Willis’ work on ‘emotional atmosphere’ states that authoritarian teachers and intimidating leaders undermine learning.  Research also states that while some stress is good, students should not be pushed beyond a point where learning actually diminishes.

Children should have voice and choice

Willis further states that ‘excessive structure and lack of choice robs learners of their autonomy’. Children who have voice and choice are more likely to have higher motivation levels and greater ownership of their learning. The ‘desire to learn’ is the most important gift we can give children.

Joyful learning (SCARF Model)

The renown executive coach David Rock states that in optimal learning environments teachers should never trigger threat responses. His SCARF model states that children (and adults) perform best in conditions where status, certainty, autonomy, relatedness and fairness are maintained.

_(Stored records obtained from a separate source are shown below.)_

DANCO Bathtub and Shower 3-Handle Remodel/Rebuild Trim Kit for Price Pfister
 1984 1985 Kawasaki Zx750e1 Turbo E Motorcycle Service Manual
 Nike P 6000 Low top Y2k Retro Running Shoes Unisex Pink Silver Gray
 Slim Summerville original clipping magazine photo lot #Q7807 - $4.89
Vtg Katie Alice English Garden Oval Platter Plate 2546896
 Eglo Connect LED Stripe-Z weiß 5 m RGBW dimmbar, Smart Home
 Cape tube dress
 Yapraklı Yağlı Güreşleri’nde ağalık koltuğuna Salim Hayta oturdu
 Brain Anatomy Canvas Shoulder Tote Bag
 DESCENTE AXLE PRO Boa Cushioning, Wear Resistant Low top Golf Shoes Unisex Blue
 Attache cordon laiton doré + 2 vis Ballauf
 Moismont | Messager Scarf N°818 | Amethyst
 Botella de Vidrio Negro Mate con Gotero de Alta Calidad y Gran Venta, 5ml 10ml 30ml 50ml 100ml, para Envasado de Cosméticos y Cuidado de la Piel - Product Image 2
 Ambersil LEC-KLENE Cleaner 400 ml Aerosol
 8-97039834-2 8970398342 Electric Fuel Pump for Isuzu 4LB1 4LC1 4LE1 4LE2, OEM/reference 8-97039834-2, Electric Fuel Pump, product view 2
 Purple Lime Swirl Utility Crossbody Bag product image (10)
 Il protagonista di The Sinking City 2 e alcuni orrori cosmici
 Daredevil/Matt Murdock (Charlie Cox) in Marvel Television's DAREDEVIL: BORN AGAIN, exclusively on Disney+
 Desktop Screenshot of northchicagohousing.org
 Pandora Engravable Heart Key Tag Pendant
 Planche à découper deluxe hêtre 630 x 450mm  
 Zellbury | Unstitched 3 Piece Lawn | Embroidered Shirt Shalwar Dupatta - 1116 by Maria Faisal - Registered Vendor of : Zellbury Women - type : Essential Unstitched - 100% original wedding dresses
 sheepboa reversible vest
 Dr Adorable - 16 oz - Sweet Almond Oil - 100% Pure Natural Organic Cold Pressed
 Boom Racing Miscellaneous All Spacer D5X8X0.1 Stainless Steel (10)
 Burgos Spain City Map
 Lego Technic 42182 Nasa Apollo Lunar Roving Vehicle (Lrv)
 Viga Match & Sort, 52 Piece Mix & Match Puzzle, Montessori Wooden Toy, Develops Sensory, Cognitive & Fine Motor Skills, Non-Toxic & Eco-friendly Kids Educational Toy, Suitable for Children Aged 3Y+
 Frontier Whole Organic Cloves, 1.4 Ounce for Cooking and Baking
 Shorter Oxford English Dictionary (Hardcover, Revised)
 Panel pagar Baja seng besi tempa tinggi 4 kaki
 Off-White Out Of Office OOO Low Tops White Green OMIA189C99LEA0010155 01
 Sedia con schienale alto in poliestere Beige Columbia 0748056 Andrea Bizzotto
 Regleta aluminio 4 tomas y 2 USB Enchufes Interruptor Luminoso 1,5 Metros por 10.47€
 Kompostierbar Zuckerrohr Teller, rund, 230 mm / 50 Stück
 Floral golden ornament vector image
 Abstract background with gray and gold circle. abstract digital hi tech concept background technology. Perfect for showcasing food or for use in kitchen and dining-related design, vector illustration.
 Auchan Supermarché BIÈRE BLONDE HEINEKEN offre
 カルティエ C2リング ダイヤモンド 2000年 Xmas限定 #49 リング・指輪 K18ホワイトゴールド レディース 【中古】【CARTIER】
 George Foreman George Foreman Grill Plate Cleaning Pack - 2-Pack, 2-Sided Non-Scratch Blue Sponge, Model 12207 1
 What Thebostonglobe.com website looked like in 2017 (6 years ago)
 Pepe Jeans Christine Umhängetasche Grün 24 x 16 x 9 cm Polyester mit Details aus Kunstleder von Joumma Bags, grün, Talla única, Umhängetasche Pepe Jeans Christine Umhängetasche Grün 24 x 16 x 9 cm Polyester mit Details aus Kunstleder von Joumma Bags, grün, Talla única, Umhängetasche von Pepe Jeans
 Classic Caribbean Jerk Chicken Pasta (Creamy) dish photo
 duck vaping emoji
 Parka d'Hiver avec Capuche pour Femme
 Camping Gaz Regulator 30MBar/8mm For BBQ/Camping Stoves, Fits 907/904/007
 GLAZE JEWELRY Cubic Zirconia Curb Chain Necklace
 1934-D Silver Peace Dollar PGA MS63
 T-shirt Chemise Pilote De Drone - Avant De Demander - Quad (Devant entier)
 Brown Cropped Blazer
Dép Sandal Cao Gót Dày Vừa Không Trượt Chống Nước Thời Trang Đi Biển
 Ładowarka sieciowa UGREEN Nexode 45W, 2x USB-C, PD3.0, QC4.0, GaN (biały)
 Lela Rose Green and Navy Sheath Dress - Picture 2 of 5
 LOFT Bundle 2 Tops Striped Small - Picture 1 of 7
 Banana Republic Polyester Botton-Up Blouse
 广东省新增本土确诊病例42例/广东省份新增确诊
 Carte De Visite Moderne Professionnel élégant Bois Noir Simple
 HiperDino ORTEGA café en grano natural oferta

These conditions create ‘joyful learning’ which leads to maximum learning.

Safety, intimacy and trust

Ed Batista, the well known executive coach states that ‘when safety, trust and intimacy are established, these qualities support the actions that lead to greater success as a group’. He further states that in these conditions ‘our ability to learn, to increase our self awareness and to change our behavior in order to achieve our goals more effectively increases dramatically’.

Given what experts are saying, some important questions for parents are:

-Does my child’s school create more fun (and less stress) in the classroom?

-Does the school enable joyful learning?

-Are teachers actively building trust, safety and intimacy?

-Is my child motivated enough to own his/her learning process?

-Are the best schools in Gurgaon, or elsewhere in the country enabling ‘less pressure and more learning’?

These questions are as applicable in the pre-nursery and nursery school as they are in kindergarten and primary school. Once the children build relationships and begin to enjoy learning they will adapt to the academic pressure in middle and senior schools more easily.